MATERIAL TO PROCESS
---------------

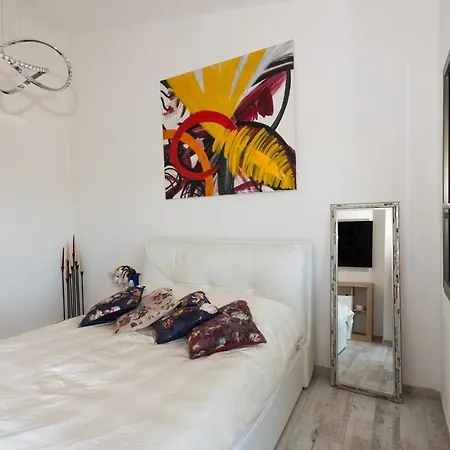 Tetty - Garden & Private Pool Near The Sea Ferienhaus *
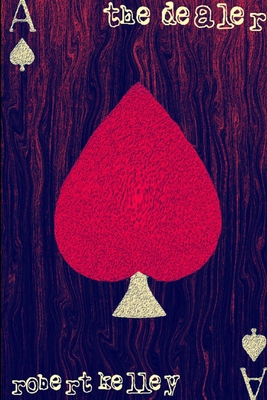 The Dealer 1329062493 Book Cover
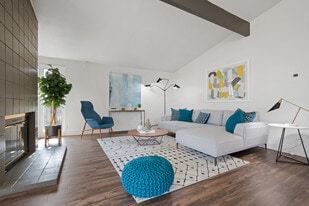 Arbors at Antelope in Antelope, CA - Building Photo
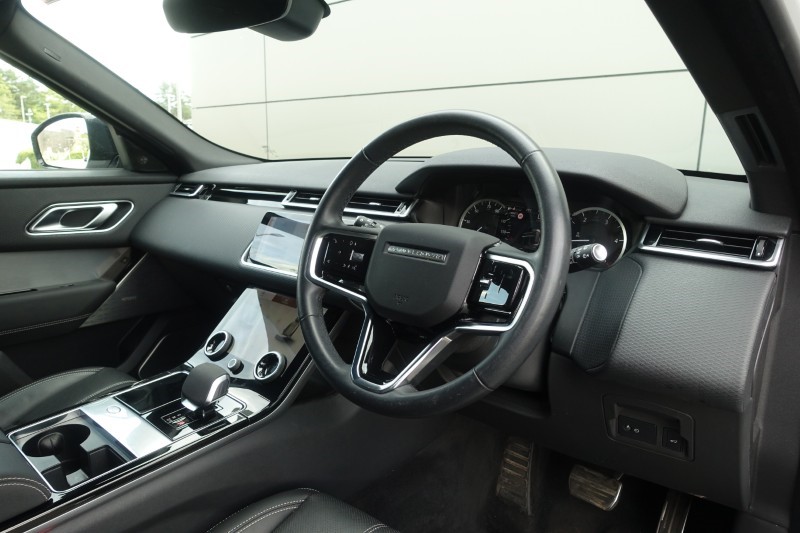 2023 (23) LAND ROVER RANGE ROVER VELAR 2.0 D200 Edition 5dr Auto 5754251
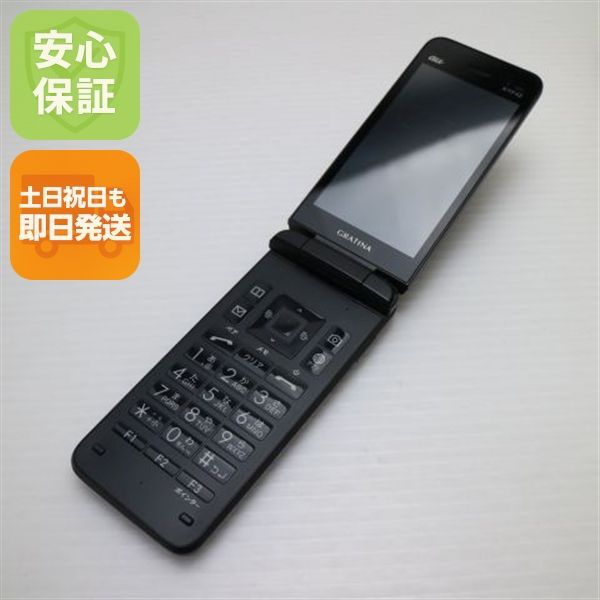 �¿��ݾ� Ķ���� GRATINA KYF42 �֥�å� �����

---------------

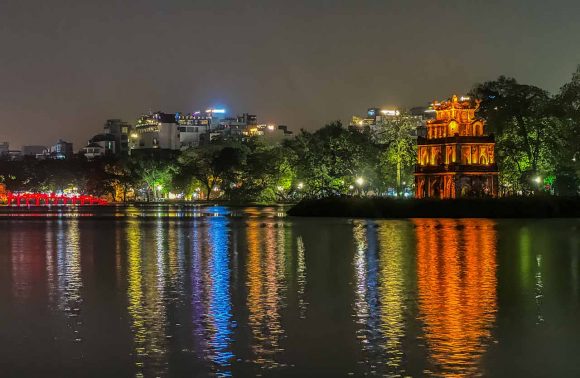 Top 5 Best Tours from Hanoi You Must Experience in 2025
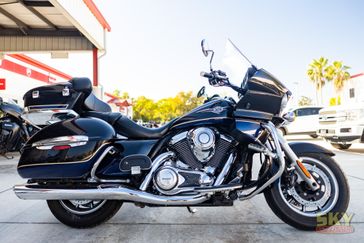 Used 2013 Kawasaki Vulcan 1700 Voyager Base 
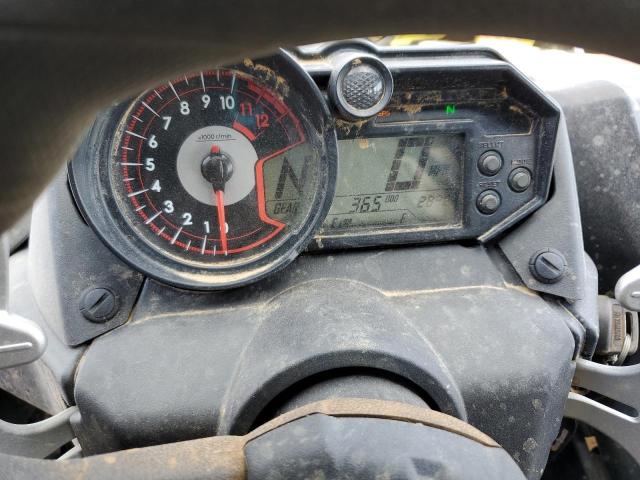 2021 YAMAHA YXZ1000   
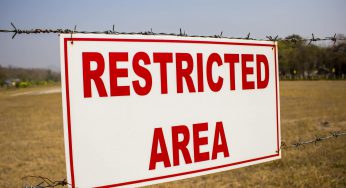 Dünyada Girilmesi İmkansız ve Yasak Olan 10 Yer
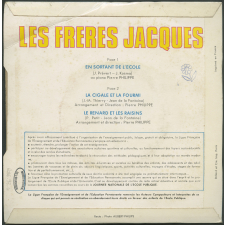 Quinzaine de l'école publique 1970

---------------

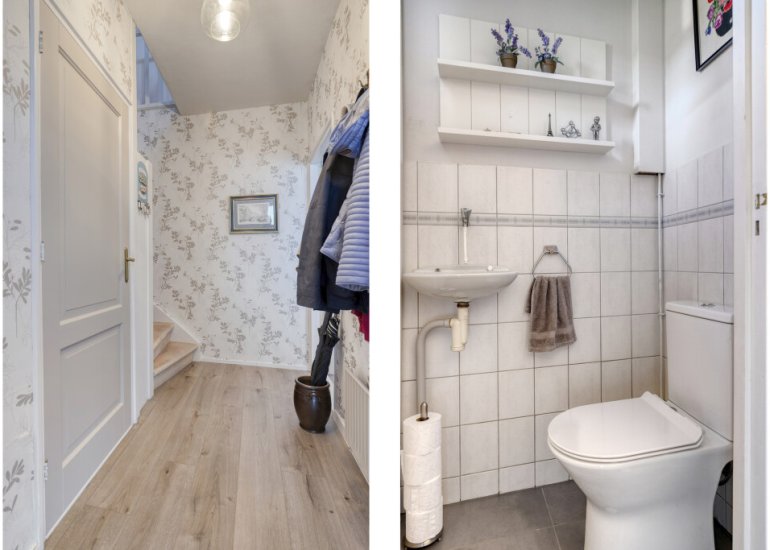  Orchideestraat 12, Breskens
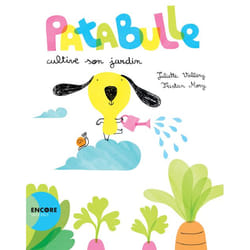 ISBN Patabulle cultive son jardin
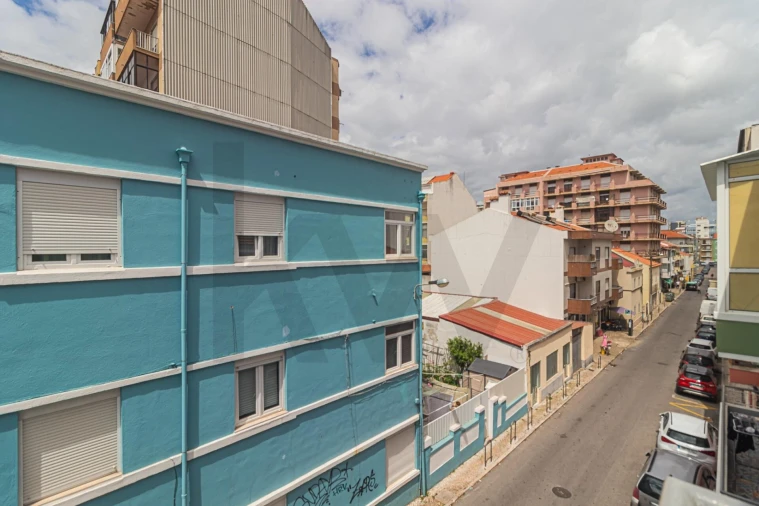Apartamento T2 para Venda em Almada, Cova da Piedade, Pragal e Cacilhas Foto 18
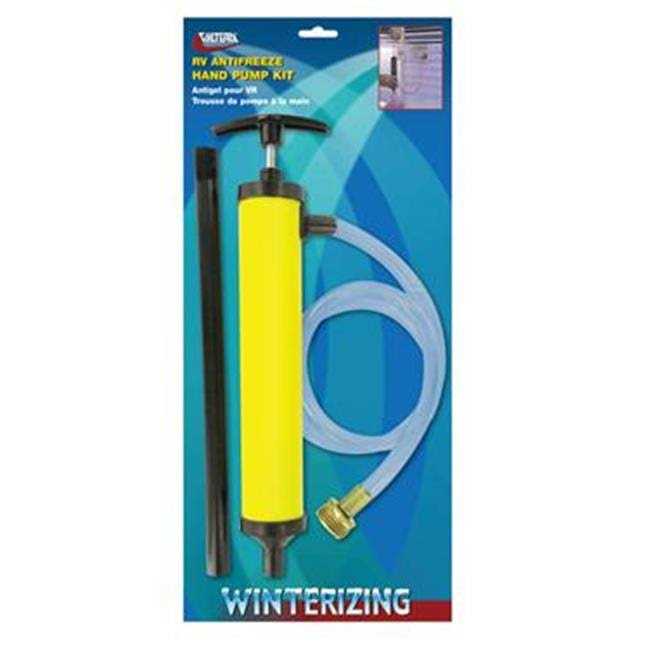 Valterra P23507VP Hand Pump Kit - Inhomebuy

---------------

WHAT IS BEING ASKED
Within the listing above, extract exactly the lines that run from the one containing "2021 YAMAHA YXZ1000" through the one containing "Quinzaine de l'école publique 1970", excluding any pictures.

ANSWER FOR THE TASK
 2021 YAMAHA YXZ1000   
 Dünyada Girilmesi İmkansız ve Yasak Olan 10 Yer
 Quinzaine de l'école publique 1970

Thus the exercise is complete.